In August 2020, two purported Altria shareholders filed separate derivative lawsuits in the United States District Court for the Northern District of California on behalf of themselves and Altria, against Mr. Willard, Mr. Gifford, JUUL and certain of its executives and officers. These derivative lawsuits relate to Altria’s investment in JUUL, and assert claims of breach of fiduciary duty by the Altria defendants and aiding and abetting in that alleged breach of fiduciary duty by the remaining defendants. A third derivative lawsuit was filed in September 2020 in the Circuit Court for Henrico County, Virginia against Mr. Willard, Mr. Gifford, Kevin C. Crosthwaite (Altria’s former Chief Growth Officer and current JUUL Chief Executive Officer) and certain members of Altria’s Board of Directors. This suit asserts a claim for breach of fiduciary duty. Plaintiffs seek various remedies, including damages, disgorgement of profits, reformation of Altria’s corporate governance and internal procedures, and attorneys’ fees. The plaintiffs have agreed to stay the Virginia derivative case pending the outcome of defendants’ motions to dismiss the shareholder class action. The fourth and fifth derivative lawsuits were filed in October 2020 and January 2021, respectively, in the United States District Court for the Eastern District of Virginia against the same Altria defendants in the Virginia lawsuit, JUUL, its founders and some of its current and former executives. The remedies sought in both lawsuits are similar to those sought by plaintiffs in the Virginia lawsuit. As with the Virginia lawsuit, the plaintiffs in the fourth lawsuit have agreed to stay the case pending the outcome of defendants’ motions to dismiss the shareholder class action.

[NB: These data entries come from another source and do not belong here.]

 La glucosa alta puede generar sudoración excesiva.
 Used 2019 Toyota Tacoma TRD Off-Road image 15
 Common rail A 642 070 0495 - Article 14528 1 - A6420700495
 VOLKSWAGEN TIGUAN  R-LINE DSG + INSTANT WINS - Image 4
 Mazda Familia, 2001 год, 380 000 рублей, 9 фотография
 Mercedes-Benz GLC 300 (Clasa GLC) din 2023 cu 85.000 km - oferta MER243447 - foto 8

Certain Other Tobacco-Related Litigation
“Lights/Ultra Lights” Cases and Other Smoking and Health Class Actions: Plaintiffs have sought certification of their cases as class actions, alleging among other things, that the uses of the terms “Lights” and/or “Ultra Lights” constitute deceptive and unfair trade practices, common law or statutory fraud, unjust enrichment or breach of warranty, and have sought injunctive and equitable relief, including restitution and, in certain cases, punitive damages. These class actions have been brought against PM USA and, in certain instances, Altria or its other subsidiaries, on behalf of individuals who purchased and consumed various brands of cigarettes. Defenses raised in these cases include lack of misrepresentation, lack of causation, injury and damages, the statute of limitations, non-liability under state statutory provisions exempting conduct that complies with federal regulatory directives, and the First Amendment. Twenty-one state courts in 23 “Lights” cases have refused to certify class actions, dismissed class action allegations, reversed prior class certification decisions or have entered judgment in favor of PM USA. As of January 25, 2021, two “Lights/Ultra Lights” class actions are pending in U.S. state court. Neither case is active.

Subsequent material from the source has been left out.